昨夜カーテンをきっちりと閉めなかったせいで隙間から朝の陽光が差し込み、7時半と8時に目が覚めて3度目の8時26分で観念して起きた。日曜日に早く起きるのは別に悪いことではないが明らかに睡眠時間が足りない。それに煙草が増えそう。昨夜から突如陥穽のように堕ちた負のスパイラルは今日も続き、昨日凄く悔しかったのがモチベーションとなっていた業務に今日も行ってみたのだが唖然とするほど面白くなかった。ただ単にストレスを抱え込んだだけ。帰りがけ、隣町まで足を伸ばして業務スーパーでマーガリンを買った。なんでマーガリンごときに隣町まで行くのかというと、それでも元が取れるくらい安いのである。前回は1kg入りの奴を買ってでかいのを買い過ぎたと思ったのだがもうなくなりそうなので。マーガリンの消費ペース早い。たぶんパンを食べる機会が多いから。今回は400gを2つ。帰宅後昼寝は予定通り。ちょっとした悪夢を見た。

それはともかく。

夜、失恋した。一体全体、失恋というものをしたのは何年振りなんだろう? そんなわけで今久しぶりにスタイル・カウンシルのアルバム、「Cafe Bleu」を聴いている。

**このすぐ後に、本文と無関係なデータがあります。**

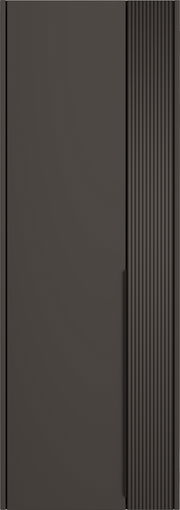 Moderner Hängegarderobenschrank in dunklem Design mit vertikalen Rillen auf der rechten Seite, Frontalansicht.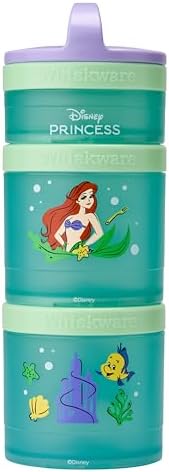 Whiskware Disney Princess Stackable Snack Containers for Kids, 3 Stackable Snack Cups for School and Travel, Ariel and Flounder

たぶん今この日記を読んでいる人はまったく覚えていないかあるいは知らないだろうが、かれこれ4年前に田舎の実家に引っ越して1年ぐらい経ったころ、僕は町役場のHHさんにちょっとした恋心を抱いた。HHさんは妙齢の女性で大塚寧々に似ている。そのころ、HHさんは左手の薬指に指輪をしておらず、てっきり僕は独身だと思い込んだ。いずれにしても僕がなんらかのアクションを起こすはずもなく、母を見舞いに来たHHさんに3年前に会ったのが最後だ。ただときおり思い出しては、例えば役場に用事で行ったときなど、廊下にずらっと並んだタイムカードを見てまだHHさんはいるのかな、などといういささかストーカーめいたことをしたりもした。もとよりHHさんと僕の間に何かが起こる可能性など、これっぽっちもなかった。

今夜もふとHHさんを思い出し、なんとなく彼女の名前をググってみた。ありふれた名前なのでもちろんずらっと大量の情報が並ぶだけだ。そこでふと、HHさんの名前に町名をつけてググってみた。するとビンゴ、HHさんのフェイスブックのページがヒットした。で、彼女のフェイスブックを見ると、プロフィール写真で幼い子供を抱いているではないか。がーん。

そんなわけでヴァーチャルではあるがちょっとした失恋をした。もちろん、写真で子供を抱いていたからといって彼女の子供とは限らないし、子供がいるとしてももしかしたら離婚しているかもしれない。ただ、とにもかくにも失恋をすることにしたのである。元々持ってもいないものを失うというのも奇妙な話だが、いずれにしてもHHさんのことはこれで正々堂々と(?)きっぱりと諦めることにした。大体に於いて、最初に会ってからもう3年ぐらい経つので、彼女もそれなりに変わっただろう。僕が老けたみたいに。そもそもが妄想だった。ヴァーチャルな恋にヴァーチャルな失恋。

という具合に、一夜明けても一向にぱっとしない一日を過ごしている。Cubaseを立ち上げてオーディオインターフェイスでギターを繋いで曲でも作ろうかと思ったが、昨日の日記にも書いたように今の僕にはクリエイティビティというものが欠片もない。今は何かを作ろう、成し遂げようということが単なる面倒事に思える。なんというか、悪夢を見ずに眠れればいいというか、これ以上がっかりしないですめばオーケーという具合。

そこで一念発起してアマゾンのプライムビデオで園子温監督「愛のむきだし」をなんとかかんとか最後まで見た。

なんていうか、極端なまでにデフォルメされたこの物語が意外と面白いと思ってしまった。わざとらしい罠にまんまとハマったような気分。しかし映画を見るというのは、ある種いい感じに騙されたいというような願望がどこかにある。

で、演劇性ということを考えたので、学生時代にフランス語劇で王子の役をやったのを思い出した。

いずれにせよ、人生などというものは後で振り返ってみると茶番のようなものだ。